To celebrate 25 years of the Premier League each week in Football Fancast we’re going to be looking back at a memorable game that took place on the corresponding date. This time out we revisit a ferocious correction of a dire run against top flight giants.
Everton’s league record against Manchester United throughout the Noughties was pretty dire, managing just one win from 19. Time and again Sir Alex Ferguson’s men would saunter away from Goodison Park with all of the points and for a club that prided itself on rising to the big occasions – a club too that had finished inside the top six all but once in the last five years – that frankly wasn’t acceptable. Something had to change.
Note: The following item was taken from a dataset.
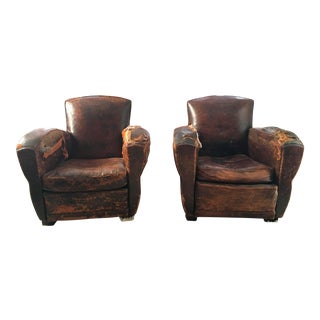 Vintage French Leather Club Chairs - A Pair For Sale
Maybe it was the turning of the calendar that spurred on the Toffees on February 20th 2010 – a new decade signifying a less respectful approach to the 11-time Premier League champions – and perhaps too their recent impressive victory over Chelsea was a motivating factor instilling in them an emboldening belief. Whatever the root causes the illustrious visitors certainly weren’t allowed to saunter on this occasion. Not for a second. David Moyes’ side ripped into them from the off, sparking the fiery environs of Goodison into life, and resulting in a memorable encounter that is still talked about on one side of Stanley Park to this day.
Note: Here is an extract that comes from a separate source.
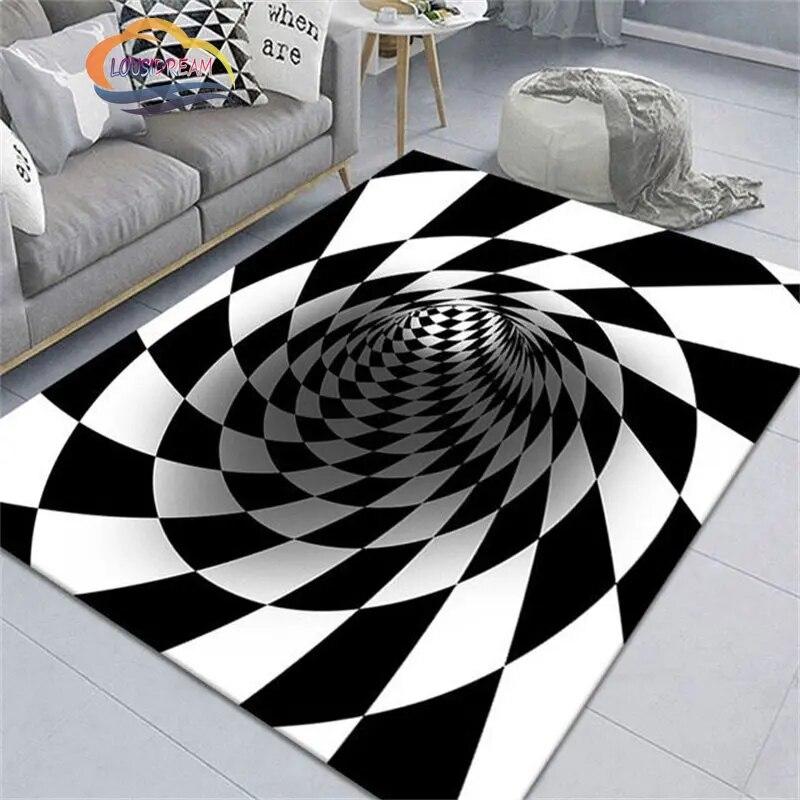 Geometry Carpet Living Room Sofa 3D Visual Vortex Bedroom Large Area Creative Floor Mat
In truth there were other factors that contributed to this famous 3-1 win that Everton can take no credit for. Four days earlier the Reds had travelled to Milan in the Champions League and emerged with a precious first leg advantage that came at a cost. With his star players fatigued Ferguson reluctantly rang the changes and gambled on a back two of Brown and Evans that always had a mistake in them along with Fletcher and Park stationed centrally. It helped too from an Everton perspective that Wayne Rooney was returning to his old stomping ground and past experiences had shown that he would rarely rise to his devastating best when saddled with the emotion of the day. True to form Rooney was all but anonymous throughout.
Furthermore this was hardly a vintage United. The previous summer they had embarked on a recruitment drive that supporters still claim now is the starting point of their gradual decline as the club eschewed the option of reinvesting their £80m bonanza for Ronaldo and shopped in the bargain bins instead for Gabriel Obertan and Mame Biram Diouf. There would be immediate punishment for their frugal outlay as United finished second that year to Chelsea and solely won the League Cup in an era when silverware was commonplace.
Yet that should take precisely nothing away from Everton who delivered a long overdue victory here with unremitting relish and even refused to let a 16th minute opener from Dimitar Berbatov knock them from their stride.
Before we get to that however the Bulgarian’s strike is worth lingering on. Loitering inside the box and surrounded by a sea of Blue the ball is fired across at great pace and any forward with limitations would instinctively throw a boot out and hope for the best. Not Berbatov who instead cushions it first with artistic aplomb. The finish is ordinary; the control that precipitates it is exceptional.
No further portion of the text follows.